=== Section Start ===

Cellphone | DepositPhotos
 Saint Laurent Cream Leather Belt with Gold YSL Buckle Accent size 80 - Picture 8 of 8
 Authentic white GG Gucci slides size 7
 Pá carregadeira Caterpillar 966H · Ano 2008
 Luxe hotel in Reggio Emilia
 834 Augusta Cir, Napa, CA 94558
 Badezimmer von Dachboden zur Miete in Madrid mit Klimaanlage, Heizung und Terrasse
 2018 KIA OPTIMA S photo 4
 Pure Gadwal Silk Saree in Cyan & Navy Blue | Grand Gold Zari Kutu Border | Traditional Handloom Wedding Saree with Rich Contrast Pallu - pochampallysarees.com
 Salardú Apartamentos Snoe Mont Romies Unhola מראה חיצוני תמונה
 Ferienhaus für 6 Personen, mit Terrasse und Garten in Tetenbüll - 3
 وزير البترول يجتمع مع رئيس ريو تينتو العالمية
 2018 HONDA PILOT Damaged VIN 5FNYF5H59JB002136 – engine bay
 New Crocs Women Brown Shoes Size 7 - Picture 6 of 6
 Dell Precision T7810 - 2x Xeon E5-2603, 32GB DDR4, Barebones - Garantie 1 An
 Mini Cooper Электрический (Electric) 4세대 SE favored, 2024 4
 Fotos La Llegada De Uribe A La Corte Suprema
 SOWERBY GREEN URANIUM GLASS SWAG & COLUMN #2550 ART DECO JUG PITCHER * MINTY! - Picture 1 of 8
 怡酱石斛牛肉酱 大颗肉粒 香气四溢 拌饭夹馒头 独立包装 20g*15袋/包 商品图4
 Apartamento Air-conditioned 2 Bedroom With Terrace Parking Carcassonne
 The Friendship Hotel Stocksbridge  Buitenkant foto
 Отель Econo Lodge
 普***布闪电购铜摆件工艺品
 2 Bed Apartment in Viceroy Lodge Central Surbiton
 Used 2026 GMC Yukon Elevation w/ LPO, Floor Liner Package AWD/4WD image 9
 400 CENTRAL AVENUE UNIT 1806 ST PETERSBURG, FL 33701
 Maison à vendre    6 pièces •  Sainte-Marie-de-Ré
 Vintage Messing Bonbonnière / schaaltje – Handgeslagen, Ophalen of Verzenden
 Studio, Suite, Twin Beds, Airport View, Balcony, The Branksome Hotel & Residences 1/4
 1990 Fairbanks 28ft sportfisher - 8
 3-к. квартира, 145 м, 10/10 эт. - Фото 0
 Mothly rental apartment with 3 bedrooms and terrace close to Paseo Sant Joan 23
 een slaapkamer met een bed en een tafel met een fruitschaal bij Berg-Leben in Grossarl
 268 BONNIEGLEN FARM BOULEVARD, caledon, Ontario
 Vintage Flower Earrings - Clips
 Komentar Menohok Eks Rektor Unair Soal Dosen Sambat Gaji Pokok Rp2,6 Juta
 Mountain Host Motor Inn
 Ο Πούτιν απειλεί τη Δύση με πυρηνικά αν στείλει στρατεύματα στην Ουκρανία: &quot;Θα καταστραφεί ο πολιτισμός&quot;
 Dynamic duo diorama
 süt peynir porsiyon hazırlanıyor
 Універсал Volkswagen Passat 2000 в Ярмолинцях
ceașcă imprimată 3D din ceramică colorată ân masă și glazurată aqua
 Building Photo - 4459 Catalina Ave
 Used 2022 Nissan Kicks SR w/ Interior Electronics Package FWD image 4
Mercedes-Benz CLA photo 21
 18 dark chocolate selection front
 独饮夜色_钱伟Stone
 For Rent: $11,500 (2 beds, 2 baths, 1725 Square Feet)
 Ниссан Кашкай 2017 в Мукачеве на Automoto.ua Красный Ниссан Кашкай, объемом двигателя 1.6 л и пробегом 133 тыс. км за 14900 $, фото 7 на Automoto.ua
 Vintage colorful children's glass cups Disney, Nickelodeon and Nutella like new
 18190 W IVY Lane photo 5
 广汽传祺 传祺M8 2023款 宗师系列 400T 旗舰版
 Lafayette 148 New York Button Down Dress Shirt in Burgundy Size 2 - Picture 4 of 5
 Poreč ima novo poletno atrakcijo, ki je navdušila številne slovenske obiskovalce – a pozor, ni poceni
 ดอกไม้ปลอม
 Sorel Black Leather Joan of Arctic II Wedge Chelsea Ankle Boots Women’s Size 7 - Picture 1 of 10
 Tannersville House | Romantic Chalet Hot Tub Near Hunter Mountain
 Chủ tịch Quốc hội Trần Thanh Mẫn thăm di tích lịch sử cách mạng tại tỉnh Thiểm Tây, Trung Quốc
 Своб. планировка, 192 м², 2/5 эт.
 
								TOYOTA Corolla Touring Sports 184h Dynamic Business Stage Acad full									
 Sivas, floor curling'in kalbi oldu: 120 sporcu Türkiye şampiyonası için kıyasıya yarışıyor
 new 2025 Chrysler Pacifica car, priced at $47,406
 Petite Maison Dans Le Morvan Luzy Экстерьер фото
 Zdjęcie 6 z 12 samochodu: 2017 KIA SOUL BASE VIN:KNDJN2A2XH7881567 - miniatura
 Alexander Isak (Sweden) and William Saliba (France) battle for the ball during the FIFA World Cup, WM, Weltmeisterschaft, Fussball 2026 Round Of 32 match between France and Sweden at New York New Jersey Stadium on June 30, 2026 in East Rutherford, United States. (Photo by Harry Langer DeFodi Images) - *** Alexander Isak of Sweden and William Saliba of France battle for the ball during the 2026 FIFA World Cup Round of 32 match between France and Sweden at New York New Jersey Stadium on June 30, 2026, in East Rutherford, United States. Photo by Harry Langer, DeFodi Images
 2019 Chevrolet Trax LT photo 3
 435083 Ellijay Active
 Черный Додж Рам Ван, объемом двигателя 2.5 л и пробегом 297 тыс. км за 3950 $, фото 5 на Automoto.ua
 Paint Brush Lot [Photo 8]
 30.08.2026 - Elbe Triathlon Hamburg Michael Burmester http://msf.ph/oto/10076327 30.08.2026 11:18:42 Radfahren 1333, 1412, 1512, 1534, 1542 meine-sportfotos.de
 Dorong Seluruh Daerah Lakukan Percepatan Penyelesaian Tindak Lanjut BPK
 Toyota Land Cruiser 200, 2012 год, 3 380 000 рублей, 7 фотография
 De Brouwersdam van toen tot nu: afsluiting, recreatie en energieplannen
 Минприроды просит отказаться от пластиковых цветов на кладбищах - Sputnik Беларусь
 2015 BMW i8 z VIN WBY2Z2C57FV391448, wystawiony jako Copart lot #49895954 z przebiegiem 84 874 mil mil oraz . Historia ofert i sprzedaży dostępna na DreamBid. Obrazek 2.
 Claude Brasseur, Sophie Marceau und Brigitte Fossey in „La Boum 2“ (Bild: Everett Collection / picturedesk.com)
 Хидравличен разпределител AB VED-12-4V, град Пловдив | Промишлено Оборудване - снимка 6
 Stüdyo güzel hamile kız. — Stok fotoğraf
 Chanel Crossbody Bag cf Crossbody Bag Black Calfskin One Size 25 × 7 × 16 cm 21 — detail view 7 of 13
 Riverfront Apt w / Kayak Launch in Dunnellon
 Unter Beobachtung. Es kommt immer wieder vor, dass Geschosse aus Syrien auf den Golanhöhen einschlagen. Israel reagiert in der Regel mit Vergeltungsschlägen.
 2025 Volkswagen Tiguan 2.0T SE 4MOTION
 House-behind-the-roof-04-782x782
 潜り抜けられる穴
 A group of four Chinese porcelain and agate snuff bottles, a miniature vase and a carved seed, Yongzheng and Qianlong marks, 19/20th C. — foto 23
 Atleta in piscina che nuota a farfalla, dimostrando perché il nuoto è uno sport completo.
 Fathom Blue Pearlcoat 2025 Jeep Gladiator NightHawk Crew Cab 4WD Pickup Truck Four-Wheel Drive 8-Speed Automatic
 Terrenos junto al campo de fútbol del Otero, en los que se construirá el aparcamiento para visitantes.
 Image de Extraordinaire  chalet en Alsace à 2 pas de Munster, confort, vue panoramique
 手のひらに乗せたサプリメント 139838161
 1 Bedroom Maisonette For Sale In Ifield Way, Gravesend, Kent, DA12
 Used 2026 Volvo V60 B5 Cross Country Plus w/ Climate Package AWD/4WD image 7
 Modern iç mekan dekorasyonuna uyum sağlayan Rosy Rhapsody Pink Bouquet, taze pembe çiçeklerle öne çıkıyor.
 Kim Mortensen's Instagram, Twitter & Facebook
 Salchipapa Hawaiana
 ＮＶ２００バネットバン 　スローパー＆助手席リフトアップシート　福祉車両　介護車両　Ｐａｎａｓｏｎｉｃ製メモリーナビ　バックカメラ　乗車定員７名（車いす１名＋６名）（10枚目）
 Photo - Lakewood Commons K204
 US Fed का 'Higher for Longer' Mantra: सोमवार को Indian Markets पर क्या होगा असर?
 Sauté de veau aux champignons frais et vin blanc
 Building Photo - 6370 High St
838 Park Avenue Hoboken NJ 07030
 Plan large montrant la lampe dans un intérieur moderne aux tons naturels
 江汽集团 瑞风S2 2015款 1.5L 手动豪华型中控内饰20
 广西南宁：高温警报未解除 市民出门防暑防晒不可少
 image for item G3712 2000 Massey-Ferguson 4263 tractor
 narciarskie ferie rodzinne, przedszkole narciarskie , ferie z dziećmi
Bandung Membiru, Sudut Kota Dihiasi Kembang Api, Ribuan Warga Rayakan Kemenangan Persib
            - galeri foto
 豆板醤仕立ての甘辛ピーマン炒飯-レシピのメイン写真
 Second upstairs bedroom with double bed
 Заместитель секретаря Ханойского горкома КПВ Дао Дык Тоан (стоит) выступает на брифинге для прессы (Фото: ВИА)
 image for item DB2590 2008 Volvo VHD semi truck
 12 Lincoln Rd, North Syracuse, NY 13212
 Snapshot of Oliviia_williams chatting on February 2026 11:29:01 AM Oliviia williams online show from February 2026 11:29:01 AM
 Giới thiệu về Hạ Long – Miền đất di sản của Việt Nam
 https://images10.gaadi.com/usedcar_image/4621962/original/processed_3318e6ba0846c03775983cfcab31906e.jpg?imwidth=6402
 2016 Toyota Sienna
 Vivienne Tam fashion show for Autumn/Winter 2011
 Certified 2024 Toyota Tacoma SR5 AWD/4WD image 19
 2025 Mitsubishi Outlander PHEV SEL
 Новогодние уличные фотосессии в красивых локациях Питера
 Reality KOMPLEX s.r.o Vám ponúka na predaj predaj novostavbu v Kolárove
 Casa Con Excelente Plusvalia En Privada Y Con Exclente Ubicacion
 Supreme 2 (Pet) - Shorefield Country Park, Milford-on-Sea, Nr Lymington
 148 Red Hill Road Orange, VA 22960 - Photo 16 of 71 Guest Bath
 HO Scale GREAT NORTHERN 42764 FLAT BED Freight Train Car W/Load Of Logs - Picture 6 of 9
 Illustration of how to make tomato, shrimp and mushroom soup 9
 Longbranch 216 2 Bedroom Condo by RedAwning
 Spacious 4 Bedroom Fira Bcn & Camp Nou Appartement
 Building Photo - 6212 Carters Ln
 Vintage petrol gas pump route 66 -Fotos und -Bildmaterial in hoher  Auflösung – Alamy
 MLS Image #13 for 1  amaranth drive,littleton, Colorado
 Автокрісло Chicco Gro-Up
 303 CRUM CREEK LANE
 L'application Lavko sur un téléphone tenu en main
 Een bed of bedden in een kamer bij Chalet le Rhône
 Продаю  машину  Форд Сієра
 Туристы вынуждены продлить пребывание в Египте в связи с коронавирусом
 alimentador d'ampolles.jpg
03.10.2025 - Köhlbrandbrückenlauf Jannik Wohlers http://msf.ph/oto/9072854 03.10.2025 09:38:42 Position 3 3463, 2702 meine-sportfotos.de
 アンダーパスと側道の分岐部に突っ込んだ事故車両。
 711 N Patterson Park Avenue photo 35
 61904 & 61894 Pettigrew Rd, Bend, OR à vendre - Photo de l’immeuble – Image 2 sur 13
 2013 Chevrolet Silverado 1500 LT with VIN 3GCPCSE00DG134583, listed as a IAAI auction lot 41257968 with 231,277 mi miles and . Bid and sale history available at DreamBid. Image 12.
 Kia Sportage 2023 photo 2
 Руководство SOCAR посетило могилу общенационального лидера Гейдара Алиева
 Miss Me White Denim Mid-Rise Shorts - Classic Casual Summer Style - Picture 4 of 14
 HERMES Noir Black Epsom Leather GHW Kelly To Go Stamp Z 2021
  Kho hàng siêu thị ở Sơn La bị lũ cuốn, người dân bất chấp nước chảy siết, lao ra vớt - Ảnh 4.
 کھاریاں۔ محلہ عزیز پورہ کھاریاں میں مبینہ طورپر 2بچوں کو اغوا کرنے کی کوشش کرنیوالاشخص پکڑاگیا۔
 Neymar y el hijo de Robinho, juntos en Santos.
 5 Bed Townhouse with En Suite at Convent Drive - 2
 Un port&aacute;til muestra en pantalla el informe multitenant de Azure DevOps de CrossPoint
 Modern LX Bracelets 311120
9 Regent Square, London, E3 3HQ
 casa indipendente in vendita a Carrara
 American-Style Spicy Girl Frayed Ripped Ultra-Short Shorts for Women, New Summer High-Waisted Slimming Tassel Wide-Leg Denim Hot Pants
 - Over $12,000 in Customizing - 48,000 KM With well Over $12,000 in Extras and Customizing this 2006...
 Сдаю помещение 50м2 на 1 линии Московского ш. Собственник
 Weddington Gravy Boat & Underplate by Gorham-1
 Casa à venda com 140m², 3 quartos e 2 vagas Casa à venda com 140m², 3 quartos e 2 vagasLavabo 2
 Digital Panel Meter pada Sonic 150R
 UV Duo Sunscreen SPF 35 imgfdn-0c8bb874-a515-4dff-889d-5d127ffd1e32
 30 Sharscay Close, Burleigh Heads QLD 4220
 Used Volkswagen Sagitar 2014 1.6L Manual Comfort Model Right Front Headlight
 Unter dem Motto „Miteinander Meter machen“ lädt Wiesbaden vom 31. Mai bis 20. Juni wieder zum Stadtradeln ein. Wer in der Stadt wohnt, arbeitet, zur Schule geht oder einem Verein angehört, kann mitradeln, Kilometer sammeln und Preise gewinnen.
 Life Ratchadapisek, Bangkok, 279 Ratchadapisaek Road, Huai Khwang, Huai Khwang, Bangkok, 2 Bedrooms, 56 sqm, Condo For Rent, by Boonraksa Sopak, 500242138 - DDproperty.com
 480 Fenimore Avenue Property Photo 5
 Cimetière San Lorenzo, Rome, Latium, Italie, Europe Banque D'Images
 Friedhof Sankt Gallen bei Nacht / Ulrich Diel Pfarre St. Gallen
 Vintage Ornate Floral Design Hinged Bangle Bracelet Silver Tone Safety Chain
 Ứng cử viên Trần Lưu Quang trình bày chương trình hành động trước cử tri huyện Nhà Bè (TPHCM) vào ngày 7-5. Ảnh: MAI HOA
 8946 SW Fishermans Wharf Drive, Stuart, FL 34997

=== Section End ===

— Work required —
Write down every line of the data above that includes the string "Denim".

— Final answer —
 Miss Me White Denim Mid-Rise Shorts - Classic Casual Summer Style - Picture 4 of 14
 American-Style Spicy Girl Frayed Ripped Ultra-Short Shorts for Women, New Summer High-Waisted Slimming Tassel Wide-Leg Denim Hot Pants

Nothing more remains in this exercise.